== Segment start ==

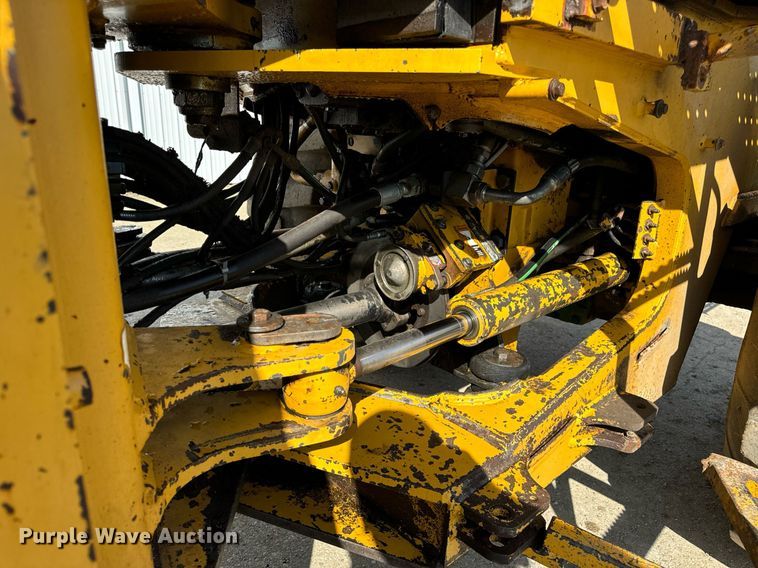 image for item DT2040 1996 John Deere  544G wheel loader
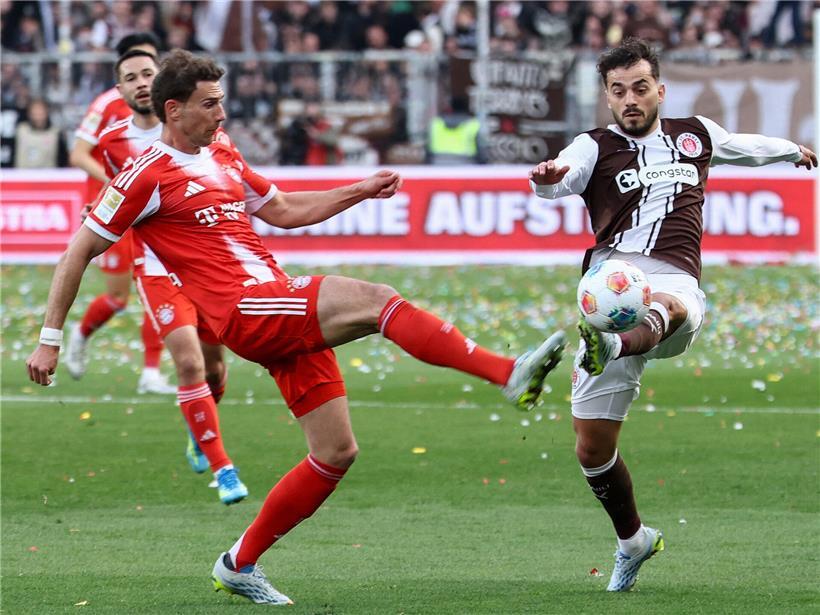 Danel Sinani verlässt den Fußballclub FC St. Pauli nach Spielende im Stadion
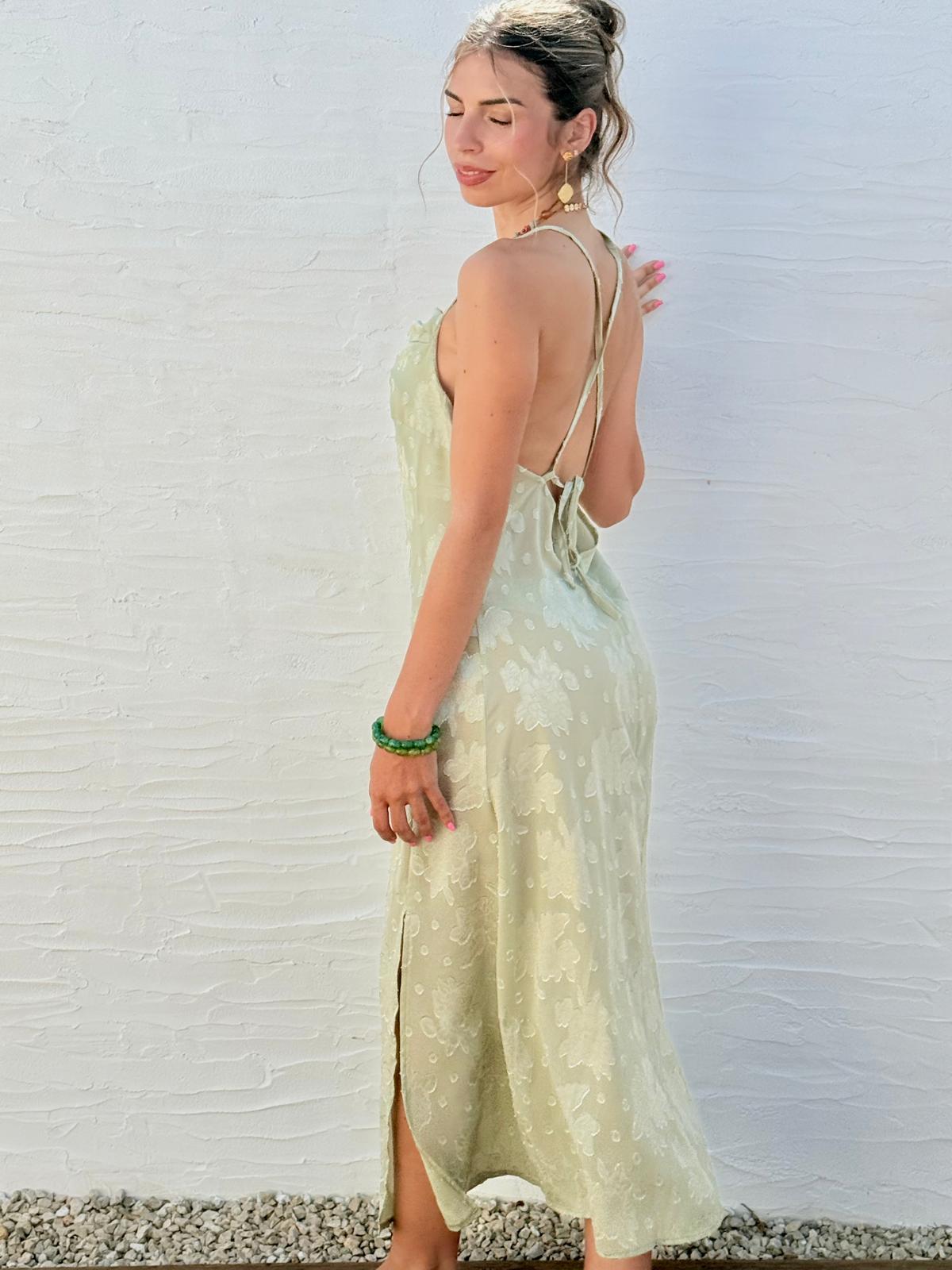 VESTIDO VERDE AGUA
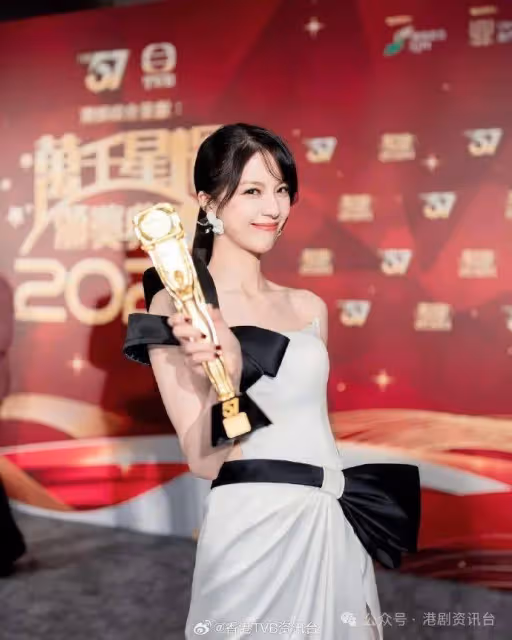 劉佩玥控訴遭上位小花欺凌?開名爆對方身份:她覺得自己很漂亮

== Segment end ==

### Work item
Minus its pictures, the full listing should be copied verbatim.

### Solution for this problem
 image for item DT2040 1996 John Deere  544G wheel loader
 Danel Sinani verlässt den Fußballclub FC St. Pauli nach Spielende im Stadion
 VESTIDO VERDE AGUA
 劉佩玥控訴遭上位小花欺凌?開名爆對方身份:她覺得自己很漂亮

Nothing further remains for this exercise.